When I first started running, I absolutely hated it but couldn’t deny how great I felt afterward. Once I overcame the feeling of having cement blocks for feet, I was hooked–as in, I now get antsy and itchy feeling if I don’t run at least three days a week. For me, the trick to running is to carve that time out of the day and to do it without my kids. I know there are plenty of people out there who run with their children, or run alongside them while they ride bikes or scooters or something. I’ve tried that. My kids are cut from an all-or-nothing cloth, which means if I’m not giving them my undivided attention when we’re out together, all hell breaks loose. Plus, when I go for a run I like to keep going and develop my pace without stopping to look at pine cones and dog poop along the way.
Running has become a cathartic activity for me, whether I’m going three miles or thirteen. And even though I’m not willing to share that particular time with my children, it does make me a kinder, more patient mother when I return. Those miles help me to pound out frustrations, think through problems, or simply meditate. Yes, you can meditate while running! The solitude lets me turn inward without interruption, while also improving my health (see, aren’t mothers always multitasking?).
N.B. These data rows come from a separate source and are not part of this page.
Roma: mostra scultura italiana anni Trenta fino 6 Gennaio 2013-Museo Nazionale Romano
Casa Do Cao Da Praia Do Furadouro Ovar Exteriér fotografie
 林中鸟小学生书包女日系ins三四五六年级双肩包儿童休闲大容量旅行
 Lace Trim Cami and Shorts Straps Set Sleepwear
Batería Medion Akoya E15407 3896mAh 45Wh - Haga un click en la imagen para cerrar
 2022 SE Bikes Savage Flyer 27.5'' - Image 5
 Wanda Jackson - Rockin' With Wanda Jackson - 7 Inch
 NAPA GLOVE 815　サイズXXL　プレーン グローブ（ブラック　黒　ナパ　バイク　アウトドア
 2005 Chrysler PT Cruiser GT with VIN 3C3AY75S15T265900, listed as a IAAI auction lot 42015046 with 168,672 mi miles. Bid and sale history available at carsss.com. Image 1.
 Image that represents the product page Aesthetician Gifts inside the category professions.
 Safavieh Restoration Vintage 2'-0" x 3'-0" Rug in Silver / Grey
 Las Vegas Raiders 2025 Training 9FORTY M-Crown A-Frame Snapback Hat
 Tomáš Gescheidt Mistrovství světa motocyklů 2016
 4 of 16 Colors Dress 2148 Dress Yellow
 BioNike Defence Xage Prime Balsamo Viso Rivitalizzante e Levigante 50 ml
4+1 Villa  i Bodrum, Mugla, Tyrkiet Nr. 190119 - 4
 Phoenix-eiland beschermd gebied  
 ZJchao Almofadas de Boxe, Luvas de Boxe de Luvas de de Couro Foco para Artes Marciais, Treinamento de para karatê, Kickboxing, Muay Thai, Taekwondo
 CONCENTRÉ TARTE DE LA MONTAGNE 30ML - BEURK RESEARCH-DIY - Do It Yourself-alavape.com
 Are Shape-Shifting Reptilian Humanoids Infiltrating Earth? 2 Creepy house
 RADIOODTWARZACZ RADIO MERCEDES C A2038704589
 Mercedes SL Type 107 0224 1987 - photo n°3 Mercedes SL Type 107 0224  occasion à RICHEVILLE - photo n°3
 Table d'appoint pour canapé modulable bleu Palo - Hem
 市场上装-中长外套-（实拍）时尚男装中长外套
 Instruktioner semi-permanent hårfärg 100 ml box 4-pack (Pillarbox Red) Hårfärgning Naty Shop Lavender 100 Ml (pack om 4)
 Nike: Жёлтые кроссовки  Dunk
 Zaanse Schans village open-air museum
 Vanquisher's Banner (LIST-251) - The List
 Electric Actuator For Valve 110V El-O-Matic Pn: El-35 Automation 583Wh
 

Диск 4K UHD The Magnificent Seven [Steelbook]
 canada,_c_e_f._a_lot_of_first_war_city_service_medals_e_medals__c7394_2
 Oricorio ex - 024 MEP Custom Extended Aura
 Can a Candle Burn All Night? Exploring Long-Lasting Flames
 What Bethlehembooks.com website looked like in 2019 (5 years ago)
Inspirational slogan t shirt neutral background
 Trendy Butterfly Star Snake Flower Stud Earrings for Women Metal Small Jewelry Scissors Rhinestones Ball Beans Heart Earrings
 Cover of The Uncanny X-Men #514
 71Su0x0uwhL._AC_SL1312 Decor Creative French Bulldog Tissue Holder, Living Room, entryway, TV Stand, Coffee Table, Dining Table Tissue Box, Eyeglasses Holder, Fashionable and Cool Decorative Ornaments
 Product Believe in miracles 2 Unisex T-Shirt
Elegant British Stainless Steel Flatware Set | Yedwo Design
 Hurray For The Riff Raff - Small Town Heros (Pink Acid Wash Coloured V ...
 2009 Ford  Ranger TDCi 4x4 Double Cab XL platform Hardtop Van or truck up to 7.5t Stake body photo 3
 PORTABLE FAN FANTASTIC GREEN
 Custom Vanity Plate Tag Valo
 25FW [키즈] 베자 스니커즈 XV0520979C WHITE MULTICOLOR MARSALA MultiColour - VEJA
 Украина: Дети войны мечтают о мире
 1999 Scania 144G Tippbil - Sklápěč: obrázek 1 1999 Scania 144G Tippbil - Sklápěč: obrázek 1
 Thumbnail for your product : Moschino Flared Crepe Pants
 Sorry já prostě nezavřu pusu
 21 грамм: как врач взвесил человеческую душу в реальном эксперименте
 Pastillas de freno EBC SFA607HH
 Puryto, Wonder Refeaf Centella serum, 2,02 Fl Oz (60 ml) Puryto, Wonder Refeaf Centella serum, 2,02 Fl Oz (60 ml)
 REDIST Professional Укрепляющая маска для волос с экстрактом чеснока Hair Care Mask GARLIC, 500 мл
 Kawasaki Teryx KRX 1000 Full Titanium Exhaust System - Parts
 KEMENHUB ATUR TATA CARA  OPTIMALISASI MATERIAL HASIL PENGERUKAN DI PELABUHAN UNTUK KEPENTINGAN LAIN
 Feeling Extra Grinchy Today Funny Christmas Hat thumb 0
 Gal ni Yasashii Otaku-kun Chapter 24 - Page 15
I just finished my third half-marathon last weekend and have signed up for two more. It really is addictive! Sometimes I run with friends who are also mothers and we talk about our children, husbands, and life. It gives us a chance to log in some slow, easy miles together while we catch up on each other’s lives–more multitasking! When I get home I feel recharged, and my kids enjoy seeing what kind of goodies I’ve brought back from the races. We won’t get awarded any medals for being moms, and that’s okay, but it is a lot of fun to show our kids that moms can win medals.